Compassion vs. Codependency

2013-07-08 Faith on the Couch

The adversarial tone religion vs. atheism comparison is a detriment in this Patheos blog post, and I’m not convinced that “co-dependency” is the right term, but there’s still an insight here worth sharing:

Compassion is intentional and, sometimes, it is hard.  Co-dependency is simply an unsophisticated, primal urge that employs pity as a means of self-preservation.

At a minimum, it’s another perspective on an argument that often separates heartless conservatives from bleeding-heart liberals.

3 thoughts on “Compassion vs. Codependency”

  1. So, the study cited by the article you cited is frequently misquoted and misinterpreted, and the author at patheos seems to have done so, too.
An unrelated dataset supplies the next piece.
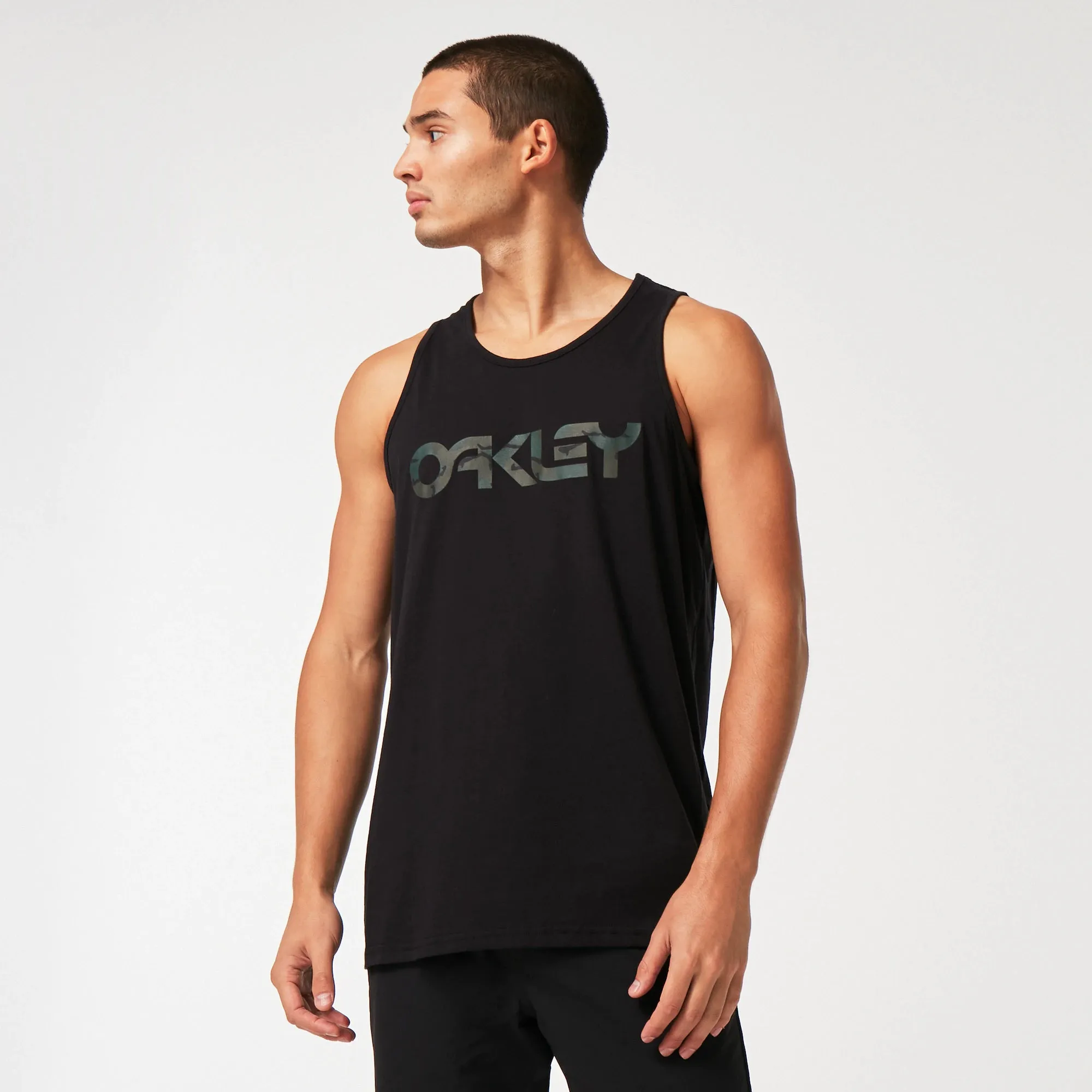 Men's Mark 3 Tank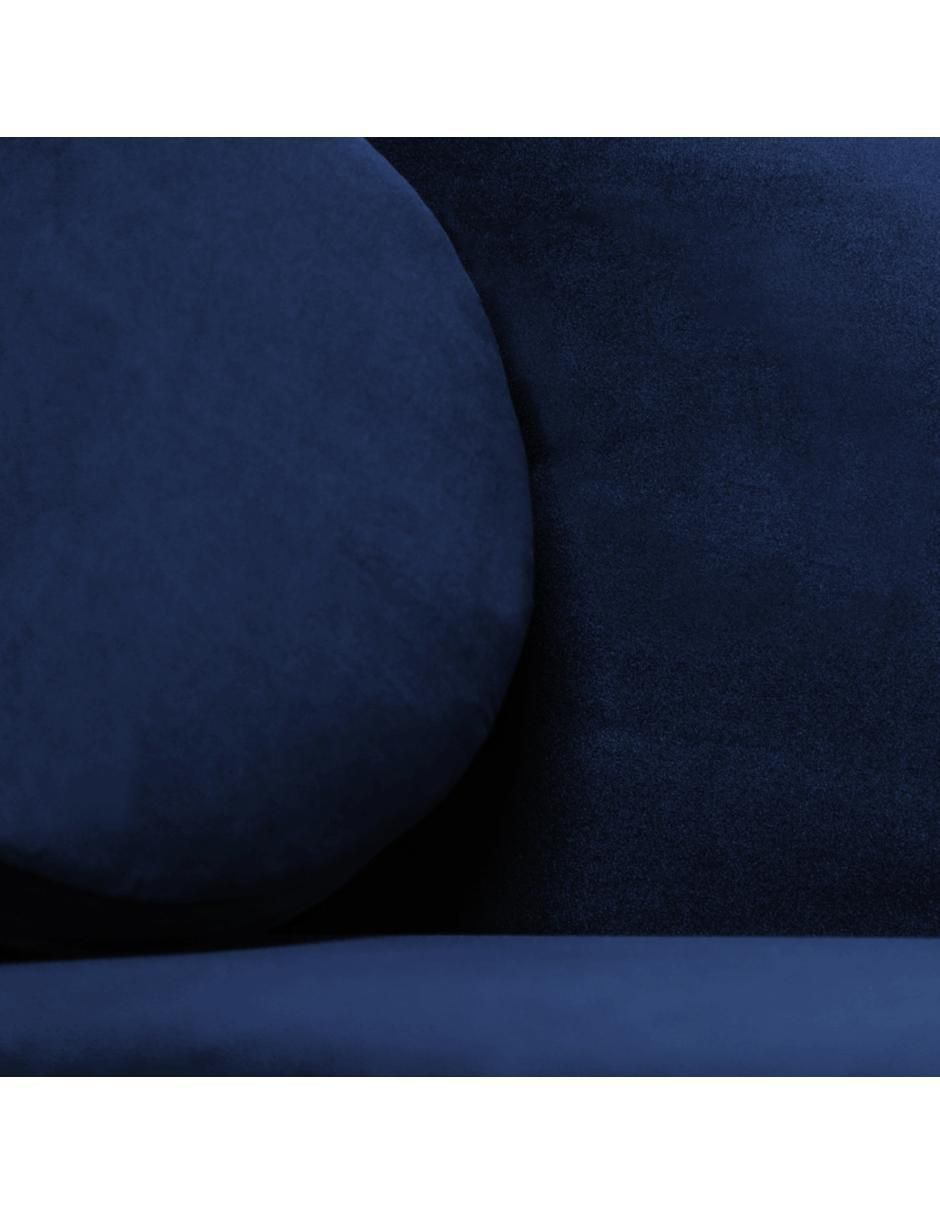 Sofá Bean 7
    The study did not find that irreligious people gave more money, nor that they were more compassionate. Irreligious people have been using this study to say that. Every survey done ever has proven that religious people donate far more of their money than the non-religious to the point of embarrassment (at least every study I’ve seen). What this does prove is that when irreligious people give to charity it is almost exclusively due to emotional considerations, whereas when religious people give to charity it is more likely due to moral and doctrinal considerations. It identified different motivating factors, not different levels. Considering that atheists do objectively donate way less than religious people, if anything the study suggests that atheists don’t feel compassion very often.

    Which, by the way, I don’t really care about who’s holier than who, I just dislike the lack of critical thought in the interpretation, and I dislike seeing how even a year later it is impacting the noosphere. That’s all from me.

  2. And to piggyback on Reece’s comment, anyone interested in religious vs. non-religious charitable givings should consult the following:

    Arthur C. Brooks, ‘Who Really Cares?’ (Basic Books, 2006).

    Robert Putnam, David Campbell, ‘American Grace’ (Simon & Schuster, 2010).